Rita Dantas, quebrando uma lança, cuja têmpera argumentativa merecia melhor causa, em defesa da denúncia bloquista do "piropo", parece reconhecer a inadequação da palavra, quando fala da "fragilidade semântica"que "ameaçou enterrar o debate".

Mas o problema é que a "fragilidade semântica" ou a deterioração das palavras é também uma fragilidade política e uma deterioração política ( Orwell sabia alguma coisa do assunto). A palavra justa e a atenção à palavra, bem como, já agora, uma certa "paciência do conceito", são uma condição da democracia e uma via necessária, ainda que não suficiente, da democratização. Declarar infame a grosseria sexista não é a mesma coisa que declarar infame o galanteio, a solicitação verbal, o jogo da sedução, a iniciativa que visa o consentimento erótico ou amoroso de outrem. Ora, acontece que denunciar o "piropo" como agressão e violência equivale no mínimo, porque designa mal a coisa e confunde as ideias, a deitar fora o bebé com a água do banho, a adensar a penumbra mental em que todas as distinções se tornam pardas, a abrir a porta ou — vá lá… — aplanar o caminho, à censura e às mais abusivas políticas de policiamento de costumes.
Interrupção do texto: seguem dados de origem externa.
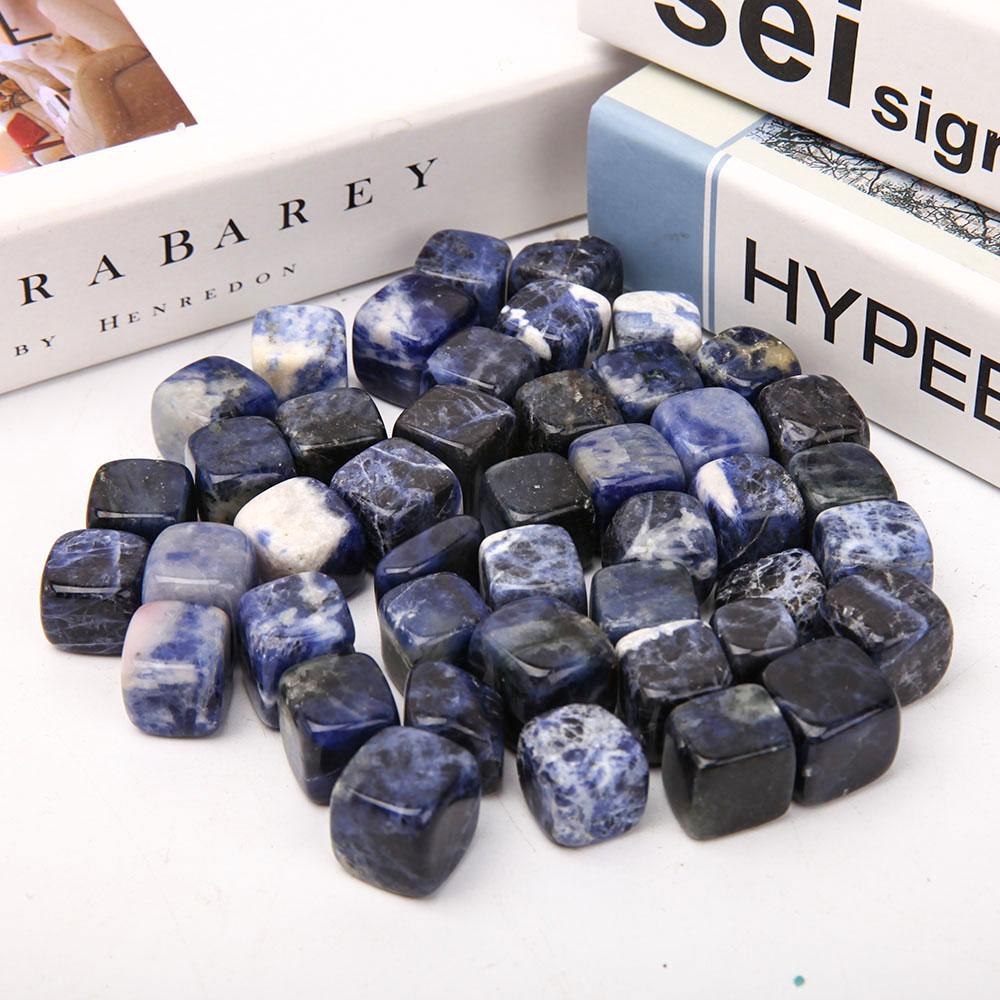 0.1kg Sodalite Cubes Bag Wholesale Crystals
É que, como reza o título do blogue da própria Rita Dantas, Boas Intenções [, ele há] Um Inferno Cheio Delas

5 comentários:

Rita Maria disse...

Eu não só reconheço a fragilidade semântica como sei que as palavras são importantes, significativas e reveladoras.
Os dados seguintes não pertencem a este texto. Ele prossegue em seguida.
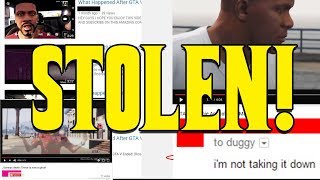 WHEN MY VIDEOS ARE STOLEN!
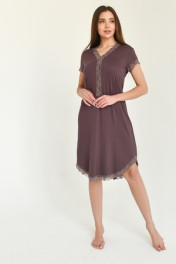 коричневый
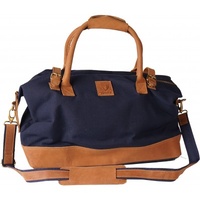 Horka Canvas & Leather Travel Bag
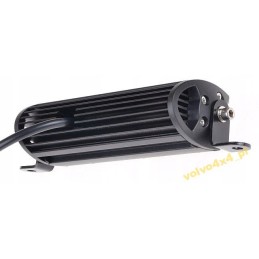 LED skydelis 60w 12v 24v darbo lempa itin plona 4x4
Mas face a um debate público "mal convocado" por assim dizer sobre um problema social eu posso fazer três coisas:

1. Ignorar, porque o debate não foi posto nos meus termos.
2. Tentar participar nos termos que julgo correctos, esclarecendo e partilhando a minha perspectiva.
3. Matar o debate porque usaram a palavra errada e portanto não há sequer discussão possível.
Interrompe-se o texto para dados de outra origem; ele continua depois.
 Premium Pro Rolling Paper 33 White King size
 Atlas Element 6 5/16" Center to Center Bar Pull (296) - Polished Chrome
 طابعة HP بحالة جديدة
Eu acho que quem reconhece que é grave que miúdas de doze anos sejam tratadas na rua por "boquinha de broche" e "grande par de mamas", que aprendam a encolher-se e a ter medo de andar na rua, que percebam que o seu corpo é um objecto considerado do domínio público, só pode optar pela segunda.

Quem acha que a situação tal como está não é grave, pode escolher uma das outras duas.

joão viegas disse...

Ola,

Custa-me entrar no debate imbecil e histérico que se gerou acerca deste assunto, mas acho que este post diz uma coisa que, parecendo simples, é sistematicamente olvidada nas nossas sociedades pretensamente clericais.

"A palavra justa e a atenção à palavra, bem como, já agora, uma certa "paciência do conceito", são uma condição da democracia e uma via necessária, ainda que não suficiente, da democratização."

Se meditassemos e acatassemos esta consideração de bom senso, 80 % dos problemas de que debatemos seriam facilmente solucionados.

Não ha que ter medo, que os restantes 20 % dão conversa para varios séculos...

Abraço

Miguel Serras Pereira disse...

Agradeço ao João o seu comentário reconfortante, com o costumado abraço amigo.
À Rita Maria tenho a dizer o seguinte: primeiro, nenhum dos seus argumentos refuta seja o que for do meu pequeno post. Em segundo lugar, peço-lhe que considere a eventualidade de um debate convocado para discutir "O Papel da Raça na Luta de Classes", perguntando-lhe depois se a única intervenção útil - a haver alguma - não será a de começar por denunciar os termos em que a questão é posta, sobretudo no caso de podermos pensar que as intenções dos promotores da iniciativa são combater as discriminações.

msp

Rita Maria disse...

Sim, claro - reconheço mesmo e sem dificuldade que as palavras são importantes.

Mas depois disso, se achasse o tema do debate importante, e muito especialmente se fosse uma coisa a que eu reconhecesse importância mas de que se falasse pouco, debatia-o, não dava necessariamente a ocasião por perdida.

Ana Cristina Leonardo disse...

Só agora vi isto. Mas é interessante, ou se calhar devia dizer significativo, que a palavra de ordem escolhida fosse "engole o teu piropo". Porque não: "engole a tua alarvidade, ó grunho"? Piropo é quando um desconhecido de repente me oferece flores. Sem eu lhe pedir. Mas quer-me parecer que há muita gente que também acha isso um atentado à emancipação feminina. A semântica, de facto, é tramada.